This repository contains the work done over ENGR484 Senior Capstone Design Project. First, the Matlab file contains the combination eigenbackground method discussed to obtain the foreground masked images. This method was employed on a database from Trinity College's \tbos\Projects\Smedley ecology dataset gathered in 2015. The resulting foreground masks created by employing the combination eigenbackground method on various datasets were compiled into a dropbox folder containing approximately a total of 600 training images for two classes: humans and animals. Then, a convolutional neural network was built using Python3 and tensorflow using Google Colab. The ipynb notebook can also be found in this repository.
Camera-traps are stationary, motion-triggered cameras that are secured to trees in the field in order to observe the animal population and biodiversity in the selected area. As the animals pass through the desired area, camera traps are motion triggered to capture short sequences of images. These camera traps are becoming increasingly popular, as they are a cost-effective, non-invasive way of capturing biodiversity data. These image sets typically range in the order of tens of thousands, and the task of manually processing these images is extremely time consuming.
The Eigenbackground method uses the eigenvectors of the image data set to perform singular value decomposition and principal component analysis to construct a robust probability density function of the static portions of background. The Eigenbackground is not strictly pixel related, as it takes into account the corresponding pixel values in the form of eigenvectors, and is relatively computationally light.
- Reshape each image into a column vector of shape wh x 1, and append each image in sequence such that a sequence of images is of shape wh x N, where N is the number of image frames in the sequence
- Subtract the mean image (column vector) from each image in the sequence above, creating a normalized image vector X
- Apply singular value decomposition to X such that X = USVT, where U is an orthogonal matrix containing the left eigenvectors of the covariance matrix of XXT
- Take the first R ranks of U (now calling it Ur), such that it contains the majority of the covariance explained by the eigenvectors
- The princial component p is calculated by taking the transpose of Ur and multiplying it to (y-m) where y is the current image and m is the mean image.
- Find the projected image of each image now by multiplying Ur by p, and adding m to each input image in the sequence.
- Take each image subtracted by its corresponding projected image, then threshold the absolute value of the difference.
- Otsu's greyscale thresholding method was used (although the online adaptive threshold technique also holds some promise, since it requires no additional human input other than an "arbitrarily" determined alpha value) All of these steps can be done iteratively throughout the entire image sequence.
The foreground masks of resulting from the Eigenbackground images will then be further filtered using a logical combination with its two most adjacent masks, further reducing the false positive rate of the detection system.

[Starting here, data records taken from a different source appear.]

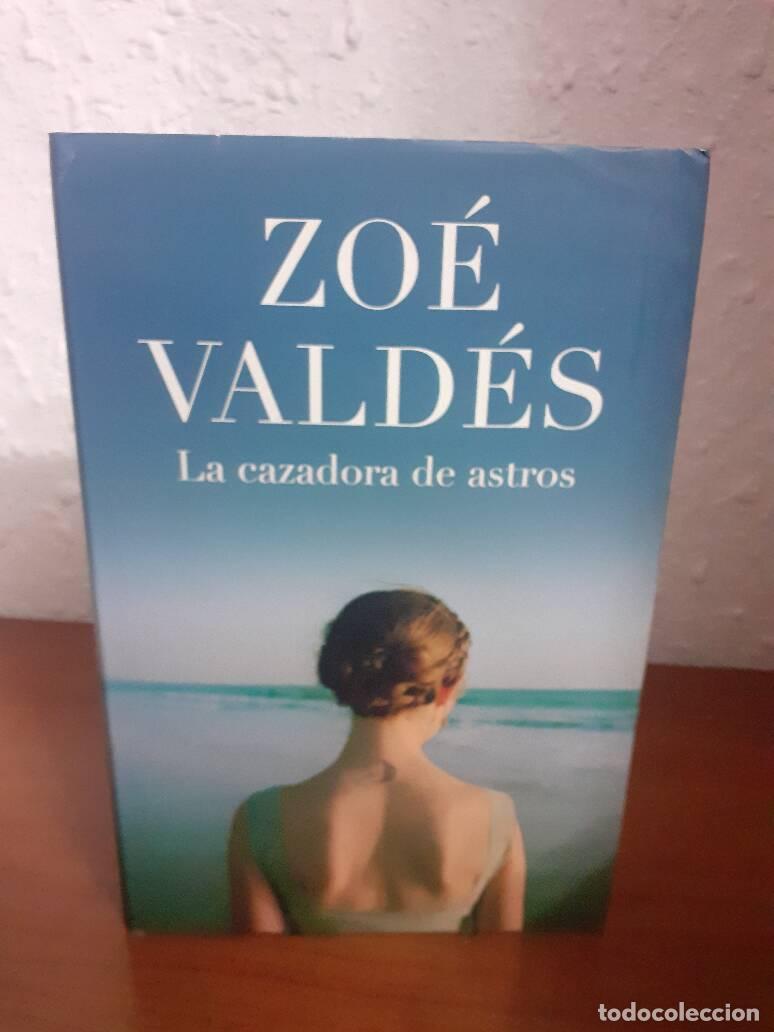 Libros: CAZADORA DE ASTROS, LA - Valdes, Zoe - Foto 1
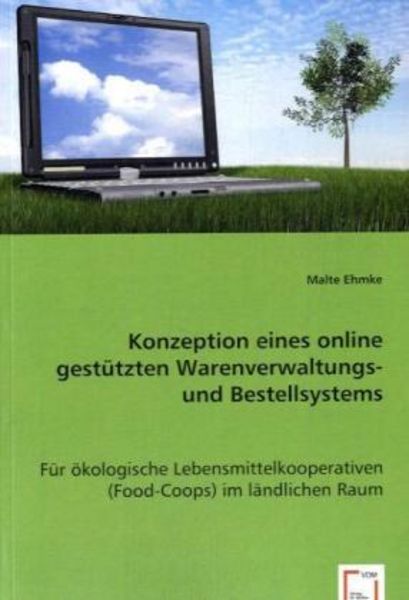 Ehmke, M: Konzeption eines online gestützten Warenverwaltung, Taschenbuch von Malte Ehmke, VDM, 9783639011920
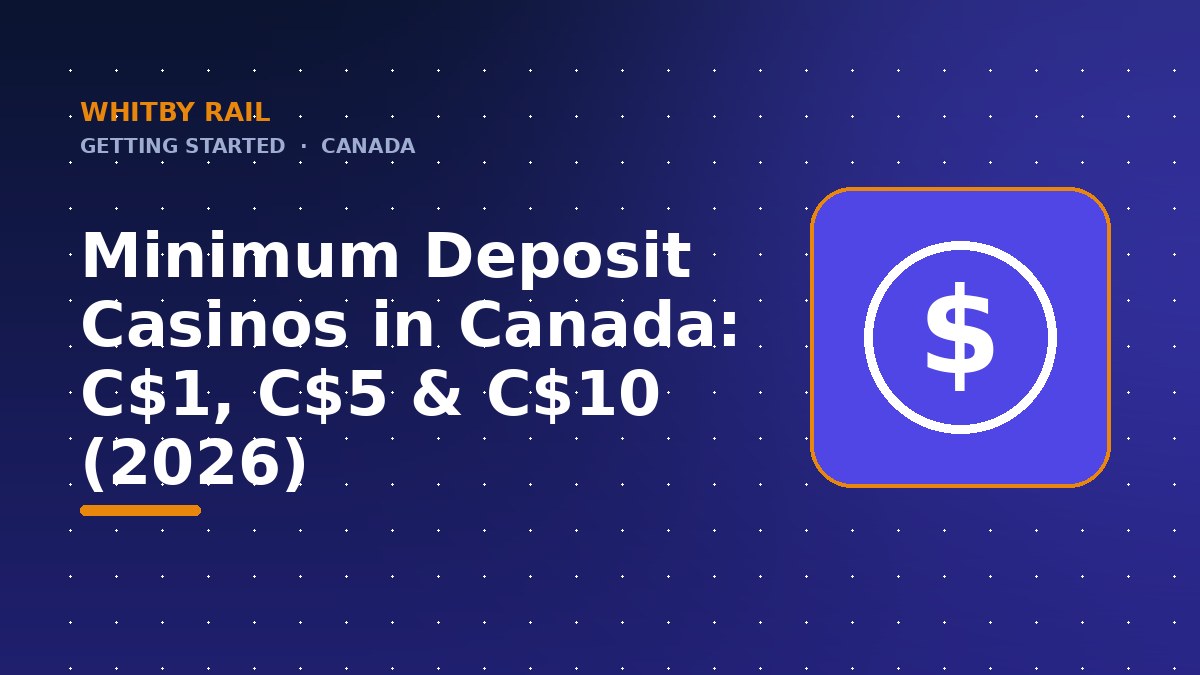 Minimum Deposit Casinos in Canada: C$1, C$5 &amp; C$10 (2026)
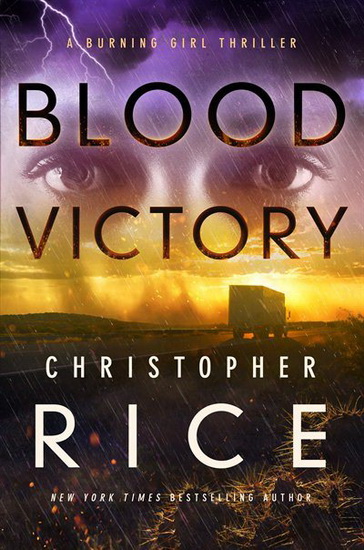 Blood Victory - CHRISTOPHER RICE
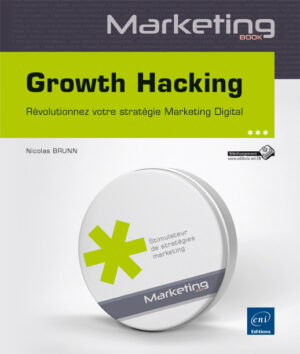 Growth Hacking: Révolutionnez votre stratégie Marketing Digital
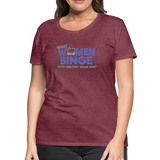 What Women Binge Premium T-Shirt - heather burgundy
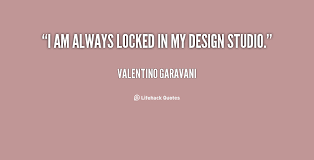 Valentino Quotes Designer | Quote via Relatably.com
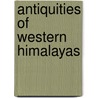 Antiquities Of Western Himalayas door Sunil Khosa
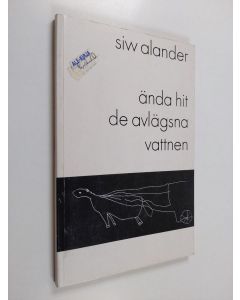 Kirjailijan Siw Alander käytetty kirja Ända hit de avlägsna vattnen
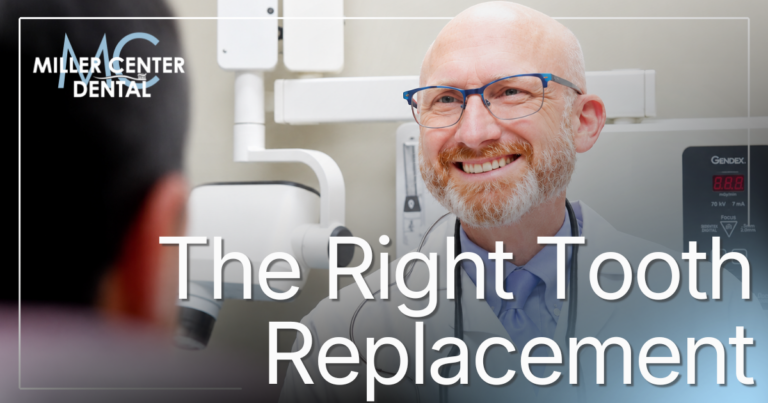 The Right Tooth Replacement Dr. Miller with a patient, smiling
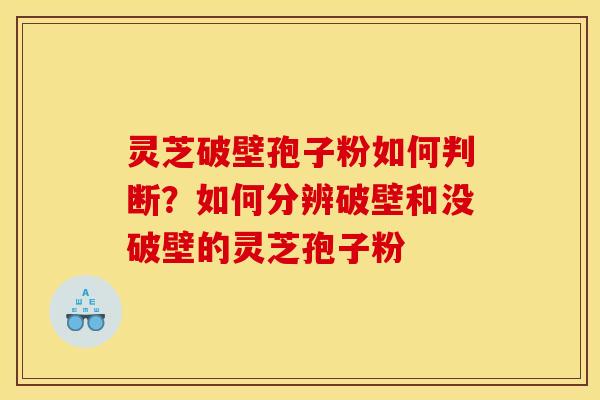 灵芝破壁孢子粉如何判断?如何分辨破壁和没破壁的灵芝孢子粉 灵芝破壁孢子粉如何判断?如何分辨破壁和没破壁的灵芝孢子粉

The following flowchart explains the process:
Since each sequence of images will now produce a masked image where everything but the foreground is black (pixel value 0), we can use this to build a training set for our CNN. The CNN will take the images and learn through convolving and maxpooling, the higher level features to distinguish between the 2 classes, humans vs animals. For our convolutional neural network, we used 5 layers, each with 4 convolutional filters (size 3x3) (for demonstrative purposes), ReLu activation function, 2x2 Maxpooling, 512 neuron hidden layer, and finally a sigmoid activation function for the final neuron. The loss function we used was the binary cross entropy function.
An example of the final layer of convolutional filters result in the following expression of higher level features:
We can observe that the four images above have been "convolved" and max-pooled such that they are much smaller in pixel size (the original image was 300 x 300 pixels!). Although they have fewer pixels, they contain the more "relevant" and important higher level features about the foreground animals of interest.
- First, examine the singular values contained within the S matrix of the SVD. If singular values of S are rapidly decreasing, then you can expect that the first R ranks of U will contain the relevant information regarding the static portions of the column vector images - plotting the diagonal values of S will give you an idea of how much of the covariance (hopefully the static portions of the image) is explained by the R ranks.
- Main Assumption of thie method is that the foreground animal(s) move significantly enough in terms of pixel distances that they do not get filtered out by the logical masks.
- The proposed Eigenbackground-Combination method has a 90+% detection accuracy rate.
- The Convolutional Neural Network will vary it its capacity given different values for the number of neurons, number of hidden layers, etc.
More data sets will have to be gathered to make an unbiased testing dataset for the CNN. Also, more methods of reducing the false positive rate while retaining the true negative rate should be explored.